New York City was liberated from the British on November 25, 1783, though
both the city and its fire department remained in ruins because of the last
big fire. The city government proceeded to rebuild the department and replace
damaged equipment. By February 1786, the fire department had grown to include
of 300 men, 15 engine companies and 2 ladder companies, all of whom were
supervised by 5 engineers. Most of the firemen were new, as those who had
served under the British were punished for their disloyalty with dismissal
from their positions.
It was around this time that the fire department began a policy of allowing members to elect a foremen in each company rather than having one appointed by the Common Council, helping to give the department an identity separate from the rest of city government—a tradition of independence which would persist for decades to come. At first it was the foremen and engineers alone who formed the governing body of the department. In 1792, firemen, dissatisfied with this arrangement, began to demand their own voice in the department’s running. After a bitter and protracted fight, they got their way; it was decided that each company with eighteen or more volunteers was entitled to two representatives, and each company with fewer than eighteen members to one. Thereafter, the management of the department became a battle between the city council-appointed engineers and the democratically-chosen foremen and firefighters. Further asserting control over the structure of the department, firemen then organized a welfare insurance program for the families of those among their ranks who had been injured or killed. This widows and orphans fund was managed directly by the firemen.

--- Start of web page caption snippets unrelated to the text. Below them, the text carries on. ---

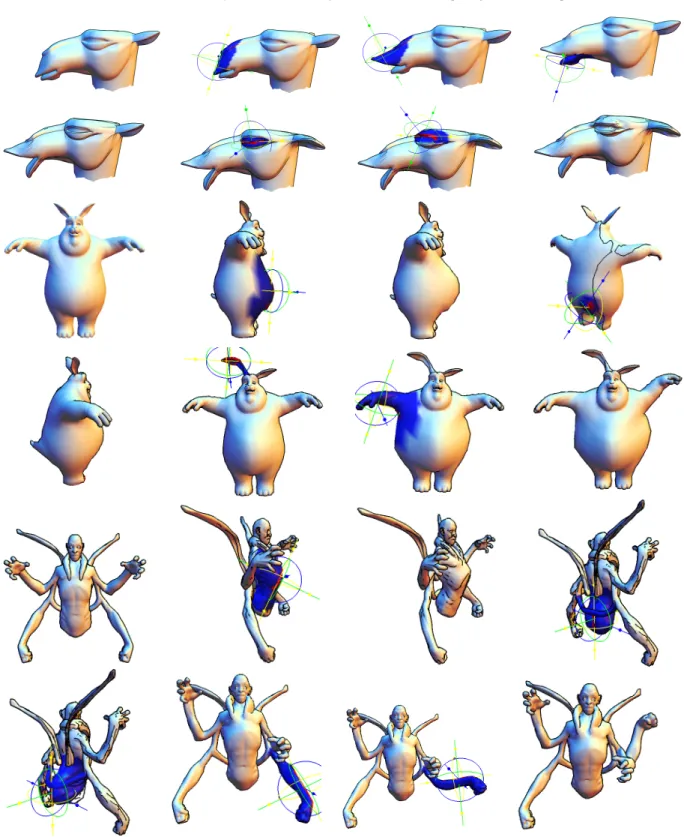 Figure 8: Edition des modèles "Camel Head", "Big Buck Bunny" et "Goro".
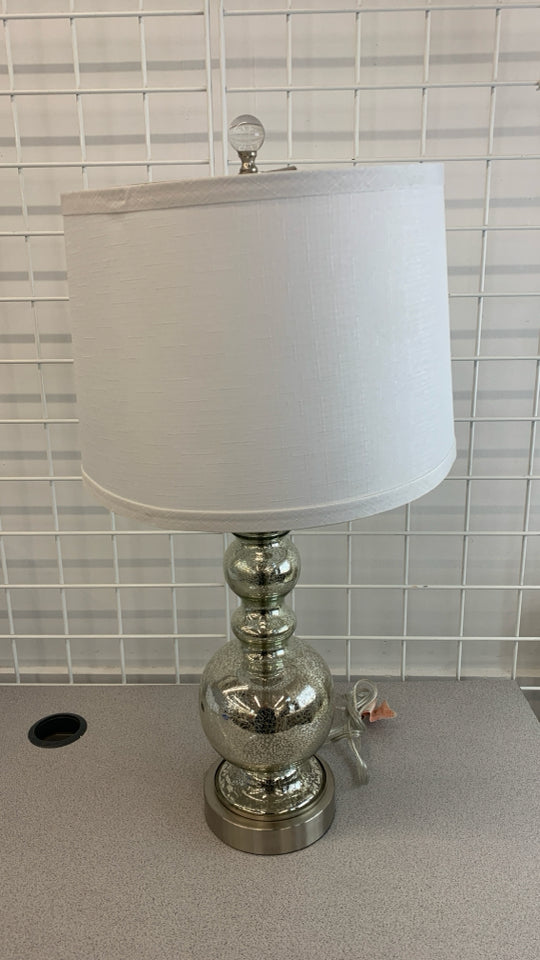 MERCURY GLASS BASE TOUCH LAMP W/WHITE SHADE.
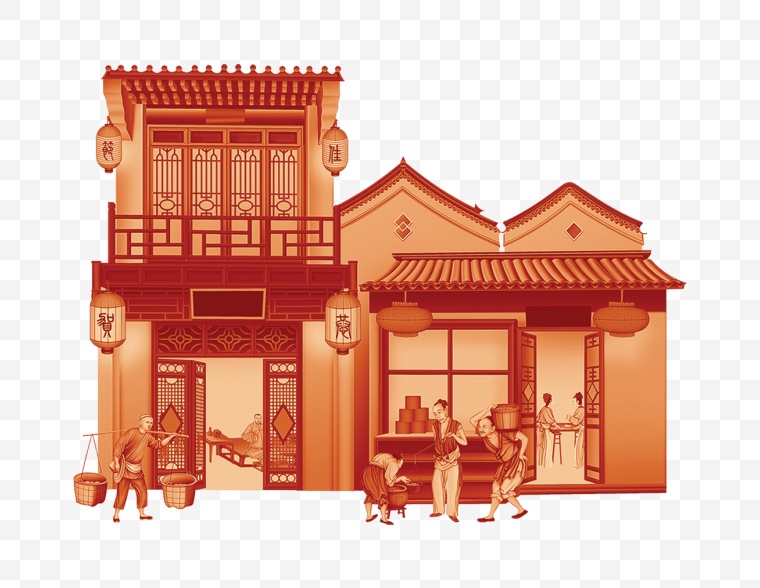 中式古典建筑 中国风 中式建筑 中秋节 中秋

Technological improvements in fire fighting equipment continued during the first decades of the nineteenth century. Water-tight hose connections were invented, making is possible for the first time to pump water directly from engine to engine and then directly onto the fire. A system of hydrants was built to replace the much more cumbersome bucket brigades. By the early 1820s, the department had grown to 1,200 men, 46 engine companies, 4 ladder companies and 1 hose company. To further professionalize their profession, fire fighters began to don a uniform which included red shirts, black caps, and suspenders. Firemen became so admired that boys and young men flocked to the scenes of fires to volunteer to assist their heroes. The fire department was poised to enter a new phase again as New York City grew immensely in the nineteenth century. As the city grew, the firefighters would be called upon to protect more and more property and people from destruction.